Exploring of our own imagination seeking solace or escaping strained lives by entering imaginary worlds of wizards learning magic, noble knights battling monsters, acting out the parts of witch hunters and sorcerous maidens.

The latest lockdown binge of reading Warhammer story books has somewhat surprisingly introduced me to a number of unfamiliar locations in otherwise mostly familiar environments. Much of my meditation down-time for reading was spent exploring, then ruminating and I suppose researching the Ostermark province. Authors Jonathan Green and Neil McIntosh both favour the region in their storytelling. What appeals to us about this is that the ruins of Mordheim happen to be in the Ostermark province! There was no warband for Ostermarkers featured in the original Mordheim game rules. Local brigands can be perfectly well represented through the Outlaws of Stirwood warband even though Stirwood Forest itself is based much further to the south. Kislev mercenaries form the ideal basis for representing Ostermark mercenaries since many warriors fighting in the Empire's frontier land hail from further north. The League of Ostermark article by Nick Kyme provided tangible variations on a theme if you enjoy playing vanilla mercenaries from the core rules.

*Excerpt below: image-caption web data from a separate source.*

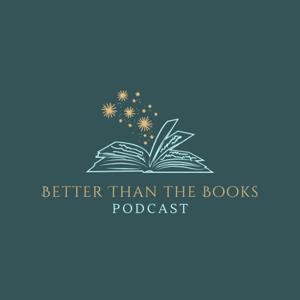 Better Than the Books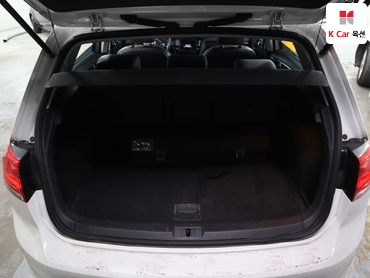 2016 - volkswagen golf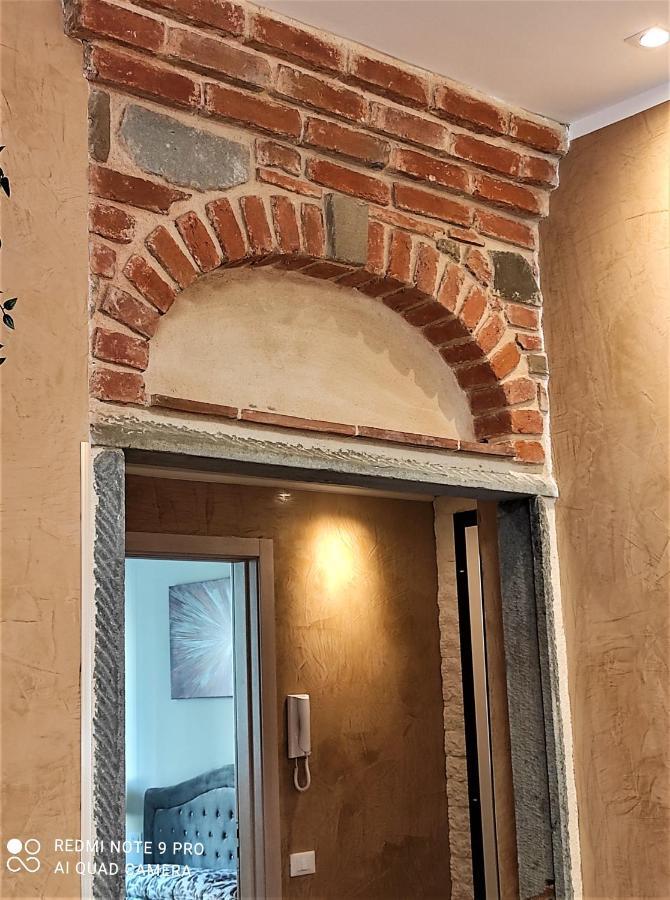 Lejlighed Luxury Careggi *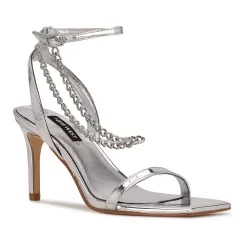 Nine West Tallo Women's Dress Sandals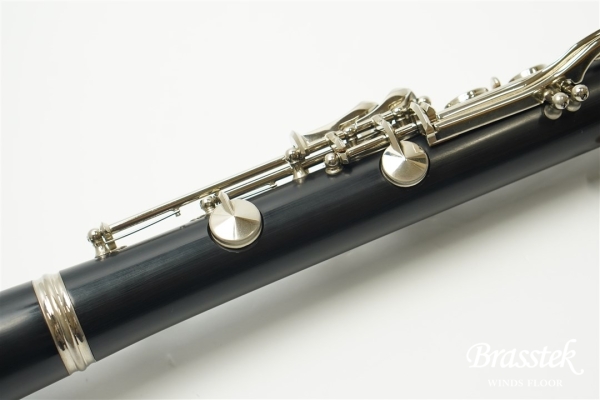 B♭Clarinet YCL-250 【入門セット付き】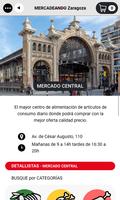 Mercadeando Zaragoza screenshot 2
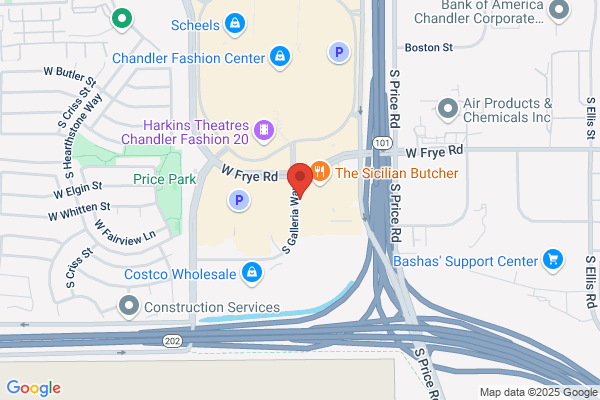 ClearChoice Dental Implant Center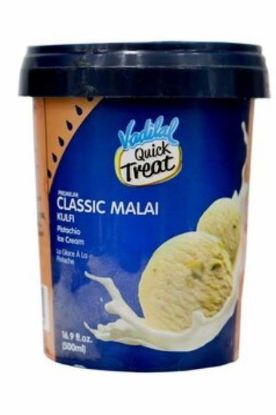 Picture of Vadilal Classic Malai 140 Ml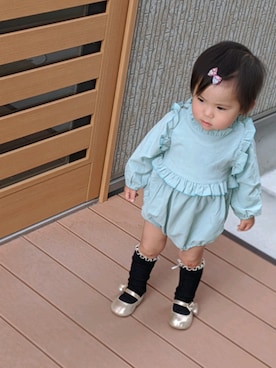 HaruNono mama🖤さんのコーディネート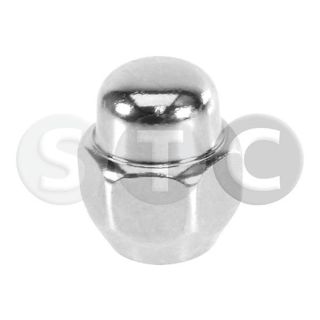 Rato veržlė STC T413825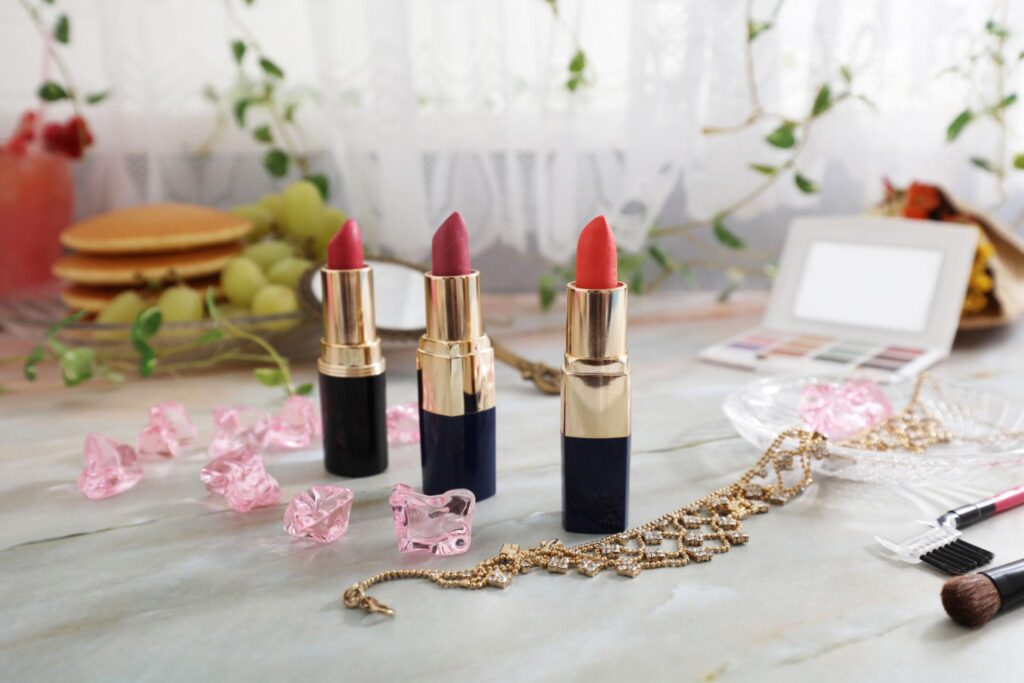 Product Styling - Product Photography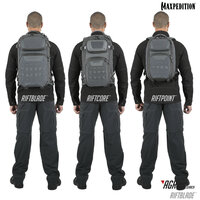 Maxpedition - AGR Riftblade - zwart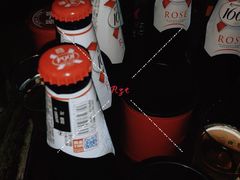 -Helens海伦司小酒馆(鼓楼店)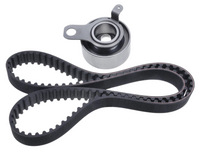 Timing Belt Kit for Toyota Corolla AE101 / AE92 / AE93 / AE94 & Holden Nova LG (1991 - 1999)-Spoilers and Bodykits Australia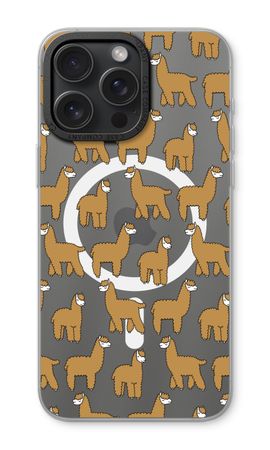 Alpacas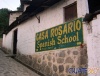 Casa Rosario Spanish School
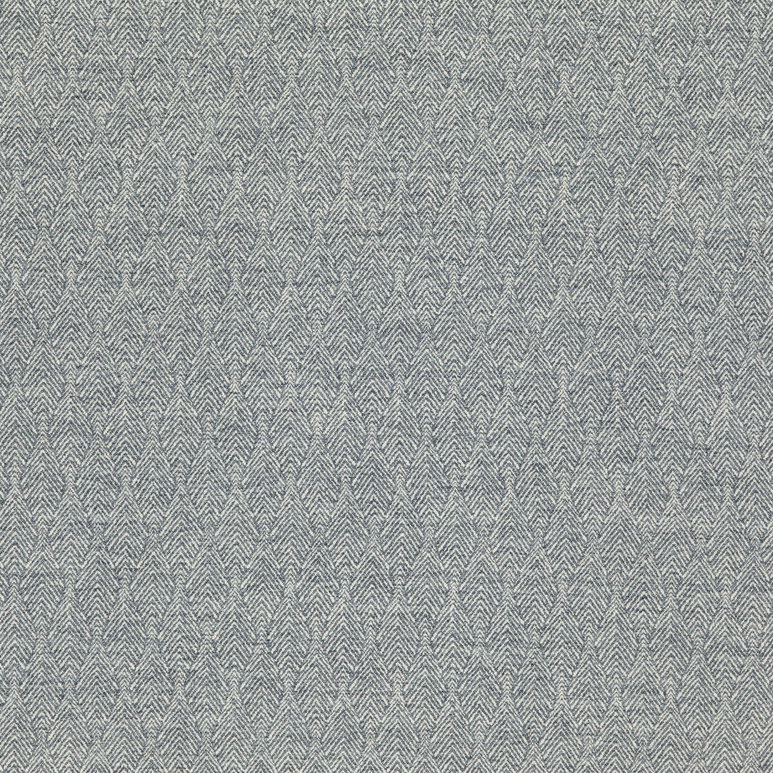Threads Capo Indigo Fabric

Band of mercenaries from Ostermark & Kislev hare around the northern province in eight thick chapters of adventure. The Slaughtered Troll tavern is the central location in The Dead and the Damned by Jonathan Green. This is an instant classic loaded with short stories perfect for Mordheim fans! There are Witch Hunters, Priests, Chaos Cults, a lot of talk about Sigmar and instances where two Saints of the holy Heldenhammer form part of the dialogue. Eowen and Ephrael.

"It it our holy duty to the God-Emperor Sigmar to recover the relics of his most beloved Saint Eowen."
— Brother Tobias, Warrior-Priest of Sigmar

The latter Lady's name already being familiar to some devout followers of the Sigmarite faith. The former appearing in the recovery of a holy reliquary, holding the mortal remains of the Lady Eowen. The appearance of Sister Ephrael von Stern was originally inspired by an amazing parallel observation based on the other big Warhammer property.

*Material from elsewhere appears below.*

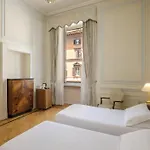 Quirinale Hotel 4*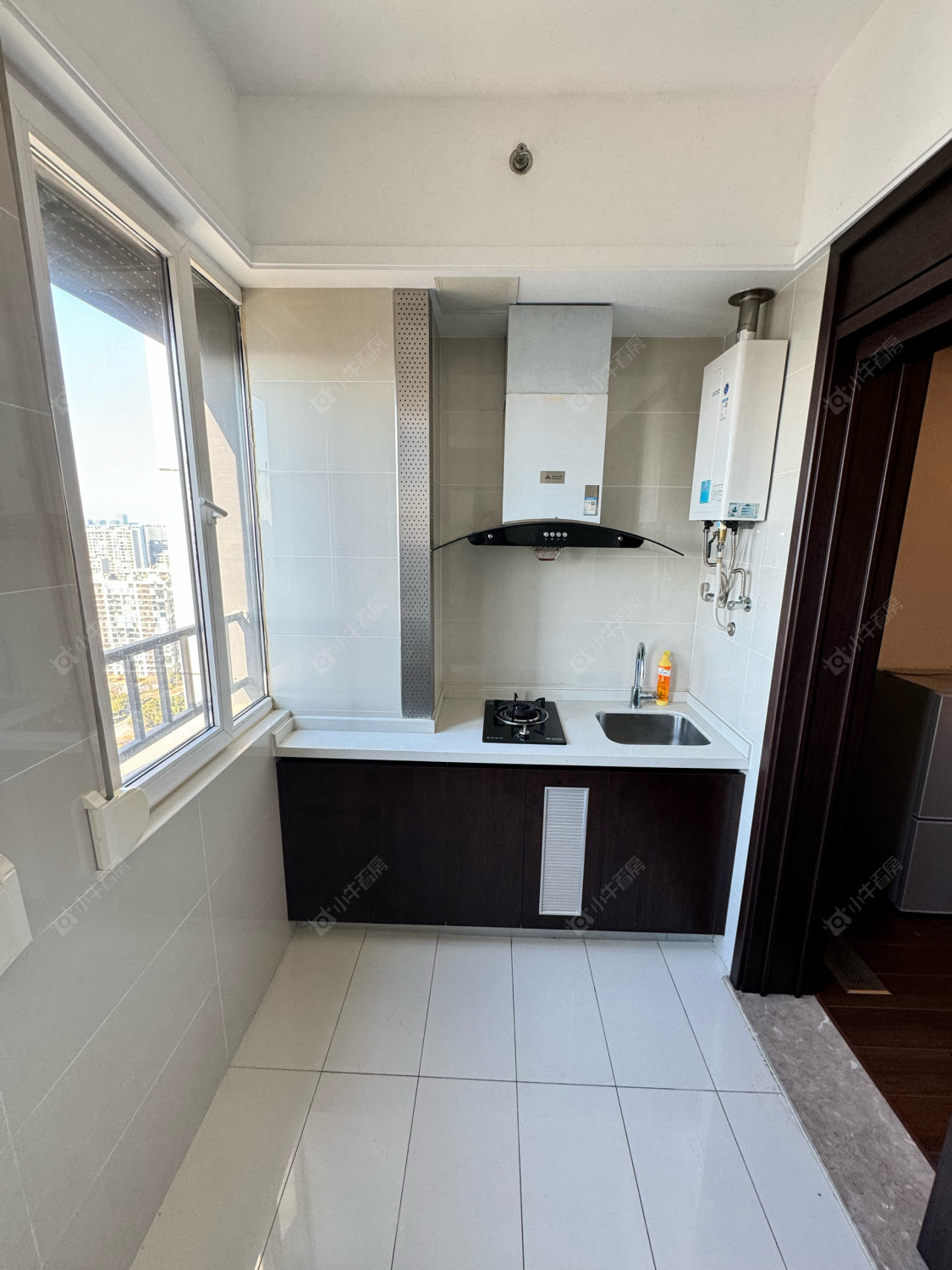 常州朗诗邻里中心在租房源室内图_小牛看房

"During that incident with the Nagenhof Bell, Burgomeister Audric wasn't even in town. Rumour has it he'd had a thing going with Abbess Rilka, and he'd been up to the Priory of Saint Ephrael to ask for absolution, if you know what I mean."
— Lisbet, Ostermark Maidservant

Jonathan's solid pitch was enough to insert a fascinating character into the cult history of Mordheim, sub-world skirmish game set in a doomed city of Ostermark province, set five hundred years in the past of the Warhammer World timeline. Canonising his adaptation in the Old World mythology in the form of a Saint in the Church of Sigmar really is a story weaving masterstroke.
It's worth noting that there are two further short stories for Badenov's band published in compilations elsewhere. One is an origins story called 'Mark of the Beast' (compiled in 'Way of the Dead') and the other is the Nagenhof Bell (compiled in 'Swords of the Empire') detailing events that were mentioned as preceding one of the stories in the Dead and the Damned.
Saints of Sigmar
There is not a ton of lore on Saints. They don't even get a mention in army books made available to Warhammer Fantasy Battle military enthusiasts but neither do most gods of the Empire, like Taal and Ranald. Saints are likened to minor gods or lesser deities. The roleplay supplement for Marienburg was indeed the first tome published to apply purpose to these deities. Author of Sold Down the River, Anthony Ragan talks about the origins of Saints in an old Warpstone interview here.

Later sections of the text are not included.